It is not every day a law student has the opportunity to pose a question, face to face, to a sitting justice on the U.S. Supreme Court. However, students at the School of Law enjoyed their second such opportunity this academic year when Associate Justice Stephen G. Breyer, on campus for the conference about Jimmy Carter’s presidency, attended a question-and-answer session at the law school. (Justice Clarence Thomas visited the law school for three days in October.)
During a 60-minute forum attended by about 125 law students and faculty, Breyer addressed topics such as his daily role on the nation’s highest court and his appointment to the court. He also answered more pointed questions, such as what impact foreign legal systems should have on the U.S. system, why the Supreme Court is hearing fewer cases and if non-lawyers should be allowed to become members of the judiciary. In describing the Supreme Court’s case selection process, Breyer said the justices look for cases where there is a need for a uniform, national interpretation of the law.
“We do not see ourselves as a correction court,” he said.

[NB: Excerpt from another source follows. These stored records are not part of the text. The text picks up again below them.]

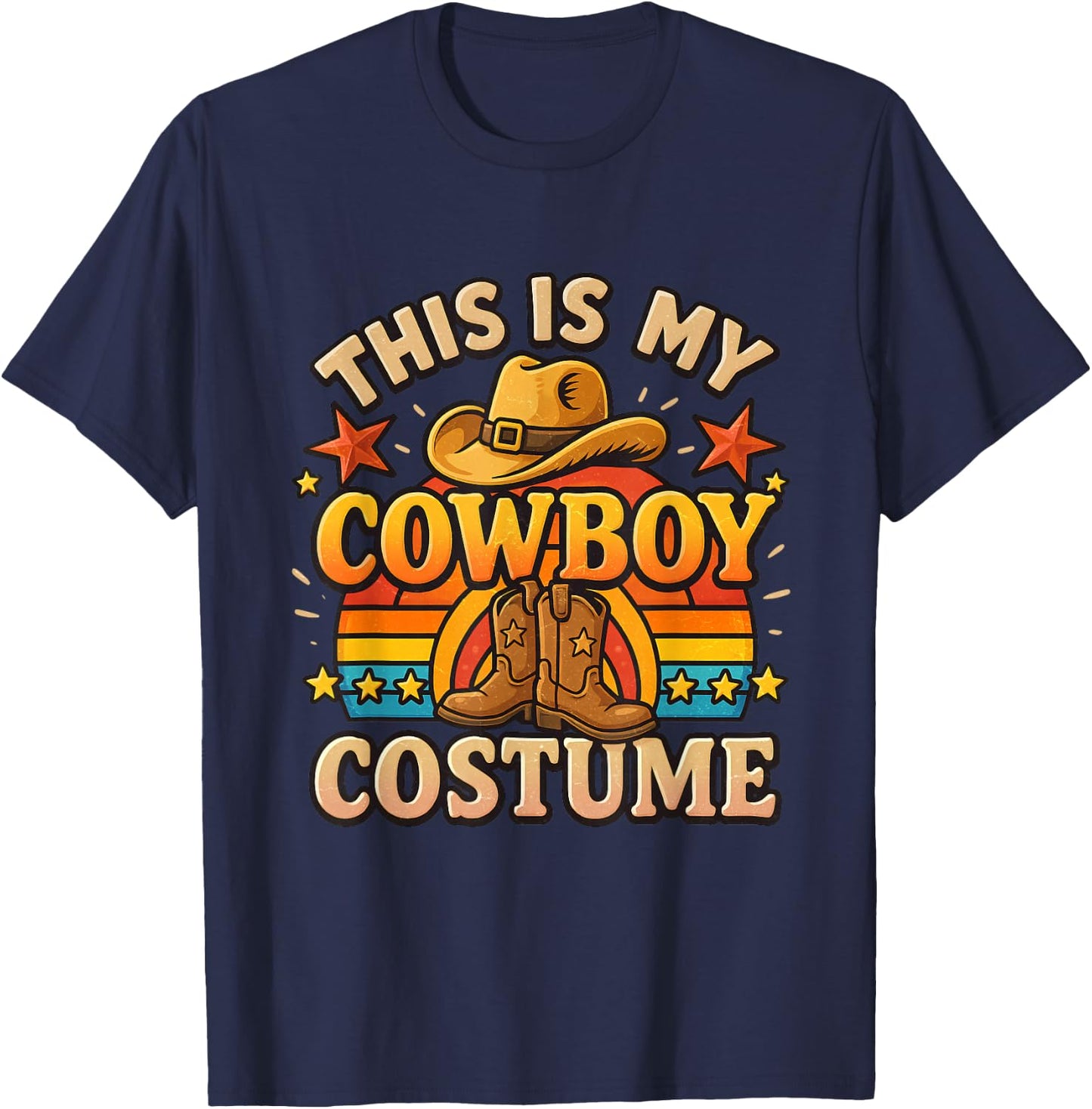 Rodeo Vintage T-Shirt - T-Shirt | Navy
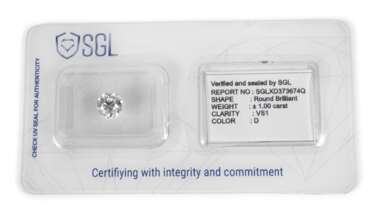 Synthetischer Brillant von 1 ct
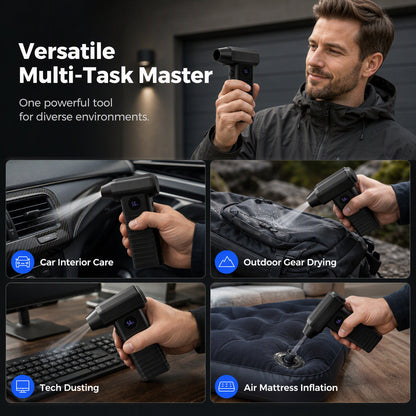 🌬️ Handheld Wireless Mini High Speed Turbo Fan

First-year law student Elizabeth C. Taxel found the justice to be “incredibly humble and down to earth.” She was thankful he talked about the “pressures facing law students” to follow a certain career path and appreciated him emphasizing the need to give back to the community.
Additionally, Breyer said some of the best advice he had ever been given came from his father.
“(My father said) don’t be like a bulldozer and just go straight ahead on your own path. You have to listen to other people who have a point of view . . . (and) try to do your own job the best that you can. He said now maybe, if you do your job well, someone will notice and you’ll get a better job. On the other hand, they may not. And then, at least, you are left with the satisfaction of having done the job as best you could,” Breyer said.
Christine A. Saunders, another first-year law student, said the experience was “very refreshing” and appreciated the opportunity to ask a question.
“It’s nice that the questions were not censored,” she said.
Regarding certain court opinions attracting a lot of public reaction, Breyer said it is key for him (and the other justices) to remember that opinions actually need to be written for three audiences: “the other judges who have to apply it, the lawyers who have to be able to argue it and follow it and, in many cases, the public too because they are interested.”
Saunders added that the experience was such an honor and that, if she or one of her schoolmates ends up arguing a case before the nation’s highest court one day, she hopes that having met two of the current sitting justices will “take some of the edge off.”